*** Source records Section Begins ***

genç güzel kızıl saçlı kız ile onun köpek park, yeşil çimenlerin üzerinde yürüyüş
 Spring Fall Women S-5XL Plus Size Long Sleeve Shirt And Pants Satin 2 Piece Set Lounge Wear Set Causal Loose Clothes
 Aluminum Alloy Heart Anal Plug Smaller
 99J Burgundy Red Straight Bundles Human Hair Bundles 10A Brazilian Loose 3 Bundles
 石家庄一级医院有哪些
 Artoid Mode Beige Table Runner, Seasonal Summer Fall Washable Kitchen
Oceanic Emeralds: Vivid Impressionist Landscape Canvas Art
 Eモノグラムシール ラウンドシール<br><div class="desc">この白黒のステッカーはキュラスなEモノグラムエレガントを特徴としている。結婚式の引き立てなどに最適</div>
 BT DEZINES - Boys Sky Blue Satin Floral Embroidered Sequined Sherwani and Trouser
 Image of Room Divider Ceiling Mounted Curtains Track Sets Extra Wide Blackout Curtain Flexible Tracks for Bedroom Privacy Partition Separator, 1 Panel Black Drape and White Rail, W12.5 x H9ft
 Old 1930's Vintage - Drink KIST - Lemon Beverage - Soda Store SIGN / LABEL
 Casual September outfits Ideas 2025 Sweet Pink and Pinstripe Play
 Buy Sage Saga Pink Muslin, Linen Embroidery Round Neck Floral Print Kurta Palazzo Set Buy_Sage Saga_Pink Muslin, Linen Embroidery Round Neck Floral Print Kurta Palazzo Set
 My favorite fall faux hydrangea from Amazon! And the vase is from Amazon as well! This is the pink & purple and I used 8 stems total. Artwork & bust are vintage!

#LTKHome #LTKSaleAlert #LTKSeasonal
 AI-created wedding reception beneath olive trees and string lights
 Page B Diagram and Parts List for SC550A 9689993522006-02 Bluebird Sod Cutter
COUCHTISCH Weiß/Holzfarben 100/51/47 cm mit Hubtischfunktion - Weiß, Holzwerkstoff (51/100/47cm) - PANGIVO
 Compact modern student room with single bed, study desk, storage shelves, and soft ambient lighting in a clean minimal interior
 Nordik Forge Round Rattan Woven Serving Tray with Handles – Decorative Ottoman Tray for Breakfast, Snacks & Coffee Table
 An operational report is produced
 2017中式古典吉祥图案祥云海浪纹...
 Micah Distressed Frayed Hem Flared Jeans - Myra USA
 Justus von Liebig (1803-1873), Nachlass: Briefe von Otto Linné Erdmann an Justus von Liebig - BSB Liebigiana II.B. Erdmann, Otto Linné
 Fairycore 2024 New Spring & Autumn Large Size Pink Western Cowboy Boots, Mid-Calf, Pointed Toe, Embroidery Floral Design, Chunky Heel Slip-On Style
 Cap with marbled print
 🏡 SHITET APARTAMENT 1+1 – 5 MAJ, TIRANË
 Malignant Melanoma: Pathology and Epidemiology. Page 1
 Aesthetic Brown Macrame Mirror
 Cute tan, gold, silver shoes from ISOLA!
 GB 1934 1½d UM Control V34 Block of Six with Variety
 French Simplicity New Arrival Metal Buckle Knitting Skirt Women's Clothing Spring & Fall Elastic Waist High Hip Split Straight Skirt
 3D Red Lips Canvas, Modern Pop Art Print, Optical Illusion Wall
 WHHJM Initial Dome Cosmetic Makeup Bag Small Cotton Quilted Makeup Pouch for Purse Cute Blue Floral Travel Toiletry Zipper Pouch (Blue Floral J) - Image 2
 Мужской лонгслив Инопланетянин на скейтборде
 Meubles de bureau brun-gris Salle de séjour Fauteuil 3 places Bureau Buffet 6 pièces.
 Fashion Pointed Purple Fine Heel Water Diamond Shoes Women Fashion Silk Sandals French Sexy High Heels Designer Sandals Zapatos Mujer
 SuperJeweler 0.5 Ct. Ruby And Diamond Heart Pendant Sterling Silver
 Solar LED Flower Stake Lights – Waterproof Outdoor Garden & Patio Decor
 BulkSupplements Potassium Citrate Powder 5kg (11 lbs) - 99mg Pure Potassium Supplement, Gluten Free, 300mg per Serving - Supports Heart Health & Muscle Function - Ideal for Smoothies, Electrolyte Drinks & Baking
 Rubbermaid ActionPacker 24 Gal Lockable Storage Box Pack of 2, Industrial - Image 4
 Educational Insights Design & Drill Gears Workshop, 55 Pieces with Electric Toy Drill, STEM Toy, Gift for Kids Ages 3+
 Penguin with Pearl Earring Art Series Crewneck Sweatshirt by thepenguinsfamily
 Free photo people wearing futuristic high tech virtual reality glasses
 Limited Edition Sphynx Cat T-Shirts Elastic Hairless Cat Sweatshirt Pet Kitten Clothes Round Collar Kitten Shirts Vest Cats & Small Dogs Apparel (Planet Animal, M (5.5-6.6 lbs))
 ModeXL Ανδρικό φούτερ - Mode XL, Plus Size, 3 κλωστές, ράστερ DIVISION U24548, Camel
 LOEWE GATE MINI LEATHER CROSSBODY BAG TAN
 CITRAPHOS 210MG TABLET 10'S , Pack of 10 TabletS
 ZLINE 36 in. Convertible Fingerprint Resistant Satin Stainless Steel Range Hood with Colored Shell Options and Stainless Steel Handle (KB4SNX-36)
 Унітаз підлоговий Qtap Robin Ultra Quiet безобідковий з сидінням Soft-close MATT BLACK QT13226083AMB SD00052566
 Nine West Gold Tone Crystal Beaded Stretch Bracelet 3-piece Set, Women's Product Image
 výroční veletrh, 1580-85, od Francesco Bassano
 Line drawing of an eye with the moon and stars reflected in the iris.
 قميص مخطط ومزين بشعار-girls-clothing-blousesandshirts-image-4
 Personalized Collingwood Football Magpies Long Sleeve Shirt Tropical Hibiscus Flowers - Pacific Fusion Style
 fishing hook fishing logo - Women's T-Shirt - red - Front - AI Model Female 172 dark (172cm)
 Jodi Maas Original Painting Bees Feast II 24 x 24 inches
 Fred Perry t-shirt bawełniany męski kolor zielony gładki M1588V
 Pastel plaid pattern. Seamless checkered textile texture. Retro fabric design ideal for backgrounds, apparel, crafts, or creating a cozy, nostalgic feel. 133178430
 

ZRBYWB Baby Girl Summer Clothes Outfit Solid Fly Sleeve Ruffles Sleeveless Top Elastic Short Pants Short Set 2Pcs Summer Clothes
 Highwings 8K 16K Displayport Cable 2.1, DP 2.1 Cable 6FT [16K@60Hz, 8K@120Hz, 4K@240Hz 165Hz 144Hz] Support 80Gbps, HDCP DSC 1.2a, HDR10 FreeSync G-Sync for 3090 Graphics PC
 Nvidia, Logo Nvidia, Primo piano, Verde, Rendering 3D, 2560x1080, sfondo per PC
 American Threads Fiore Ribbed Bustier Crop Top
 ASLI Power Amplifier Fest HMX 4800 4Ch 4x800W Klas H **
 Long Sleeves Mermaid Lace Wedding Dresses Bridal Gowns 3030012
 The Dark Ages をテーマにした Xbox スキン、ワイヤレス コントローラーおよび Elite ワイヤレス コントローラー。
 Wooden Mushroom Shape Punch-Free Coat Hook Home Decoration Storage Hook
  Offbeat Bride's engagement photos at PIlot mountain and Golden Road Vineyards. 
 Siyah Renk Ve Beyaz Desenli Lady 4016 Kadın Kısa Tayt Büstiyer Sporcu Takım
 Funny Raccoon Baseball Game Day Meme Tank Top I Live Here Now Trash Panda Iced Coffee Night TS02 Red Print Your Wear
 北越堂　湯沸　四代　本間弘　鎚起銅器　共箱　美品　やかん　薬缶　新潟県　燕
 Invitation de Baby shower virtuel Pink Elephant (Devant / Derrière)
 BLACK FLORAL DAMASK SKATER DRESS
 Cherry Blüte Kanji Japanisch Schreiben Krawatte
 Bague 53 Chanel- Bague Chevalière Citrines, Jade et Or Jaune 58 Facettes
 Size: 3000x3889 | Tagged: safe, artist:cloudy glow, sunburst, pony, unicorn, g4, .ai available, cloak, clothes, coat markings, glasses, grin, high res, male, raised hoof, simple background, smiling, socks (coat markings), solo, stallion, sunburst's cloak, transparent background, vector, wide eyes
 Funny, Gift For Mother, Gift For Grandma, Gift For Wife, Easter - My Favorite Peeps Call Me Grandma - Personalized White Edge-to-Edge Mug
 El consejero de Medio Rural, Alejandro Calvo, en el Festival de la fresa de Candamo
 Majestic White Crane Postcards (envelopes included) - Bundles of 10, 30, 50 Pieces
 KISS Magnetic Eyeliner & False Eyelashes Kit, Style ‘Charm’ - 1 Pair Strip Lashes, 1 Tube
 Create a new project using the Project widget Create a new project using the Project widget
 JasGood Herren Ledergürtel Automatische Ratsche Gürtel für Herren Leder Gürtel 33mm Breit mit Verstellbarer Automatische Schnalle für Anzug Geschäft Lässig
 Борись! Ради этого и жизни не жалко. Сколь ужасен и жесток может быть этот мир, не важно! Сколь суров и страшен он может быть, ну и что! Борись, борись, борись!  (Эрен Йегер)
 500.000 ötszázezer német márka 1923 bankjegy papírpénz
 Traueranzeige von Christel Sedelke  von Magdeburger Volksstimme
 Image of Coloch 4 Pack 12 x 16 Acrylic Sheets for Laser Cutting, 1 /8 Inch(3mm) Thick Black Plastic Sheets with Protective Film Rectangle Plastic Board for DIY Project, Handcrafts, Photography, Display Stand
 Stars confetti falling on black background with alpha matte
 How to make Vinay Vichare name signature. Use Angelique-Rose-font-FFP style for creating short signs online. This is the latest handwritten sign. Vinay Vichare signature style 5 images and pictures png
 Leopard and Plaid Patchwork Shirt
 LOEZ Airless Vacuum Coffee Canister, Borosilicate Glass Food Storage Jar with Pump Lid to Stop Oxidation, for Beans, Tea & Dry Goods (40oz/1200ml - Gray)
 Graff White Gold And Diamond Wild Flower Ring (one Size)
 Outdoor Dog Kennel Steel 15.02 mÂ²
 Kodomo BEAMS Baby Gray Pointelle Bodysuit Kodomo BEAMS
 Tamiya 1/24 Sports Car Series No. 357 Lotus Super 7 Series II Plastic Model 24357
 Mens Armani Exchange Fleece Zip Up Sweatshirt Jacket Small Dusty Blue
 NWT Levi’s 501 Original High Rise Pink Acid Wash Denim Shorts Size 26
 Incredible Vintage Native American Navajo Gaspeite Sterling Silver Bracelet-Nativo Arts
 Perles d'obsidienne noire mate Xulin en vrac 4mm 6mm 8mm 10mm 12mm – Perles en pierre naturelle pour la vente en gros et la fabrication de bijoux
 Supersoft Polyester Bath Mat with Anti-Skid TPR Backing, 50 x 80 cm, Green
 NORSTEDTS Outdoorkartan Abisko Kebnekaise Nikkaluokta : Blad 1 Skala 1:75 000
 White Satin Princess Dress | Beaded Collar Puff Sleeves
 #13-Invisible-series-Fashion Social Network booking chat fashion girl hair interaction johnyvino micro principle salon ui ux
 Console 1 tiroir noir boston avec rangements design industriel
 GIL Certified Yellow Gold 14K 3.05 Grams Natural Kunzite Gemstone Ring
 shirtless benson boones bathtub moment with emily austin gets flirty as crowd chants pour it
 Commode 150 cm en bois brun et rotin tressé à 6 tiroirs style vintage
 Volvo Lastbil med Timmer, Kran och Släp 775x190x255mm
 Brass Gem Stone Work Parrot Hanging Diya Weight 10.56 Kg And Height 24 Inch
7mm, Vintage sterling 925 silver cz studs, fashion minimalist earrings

*** Source records Section Ends ***

*Problem requirements*. Retype only the stretch of lines above starting at the one with "Nvidia, Logo Nvidia, Primo" and stopping at the one with "北越堂　湯沸　四代　本間弘　鎚起銅器　共箱　美品　やかん　薬缶　新潟県　燕", exactly as written, with both kept.

*Solution to this task*.
 Nvidia, Logo Nvidia, Primo piano, Verde, Rendering 3D, 2560x1080, sfondo per PC
 American Threads Fiore Ribbed Bustier Crop Top
 ASLI Power Amplifier Fest HMX 4800 4Ch 4x800W Klas H **
 Long Sleeves Mermaid Lace Wedding Dresses Bridal Gowns 3030012
 The Dark Ages をテーマにした Xbox スキン、ワイヤレス コントローラーおよび Elite ワイヤレス コントローラー。
 Wooden Mushroom Shape Punch-Free Coat Hook Home Decoration Storage Hook
  Offbeat Bride's engagement photos at PIlot mountain and Golden Road Vineyards. 
 Siyah Renk Ve Beyaz Desenli Lady 4016 Kadın Kısa Tayt Büstiyer Sporcu Takım
 Funny Raccoon Baseball Game Day Meme Tank Top I Live Here Now Trash Panda Iced Coffee Night TS02 Red Print Your Wear
 北越堂　湯沸　四代　本間弘　鎚起銅器　共箱　美品　やかん　薬缶　新潟県　燕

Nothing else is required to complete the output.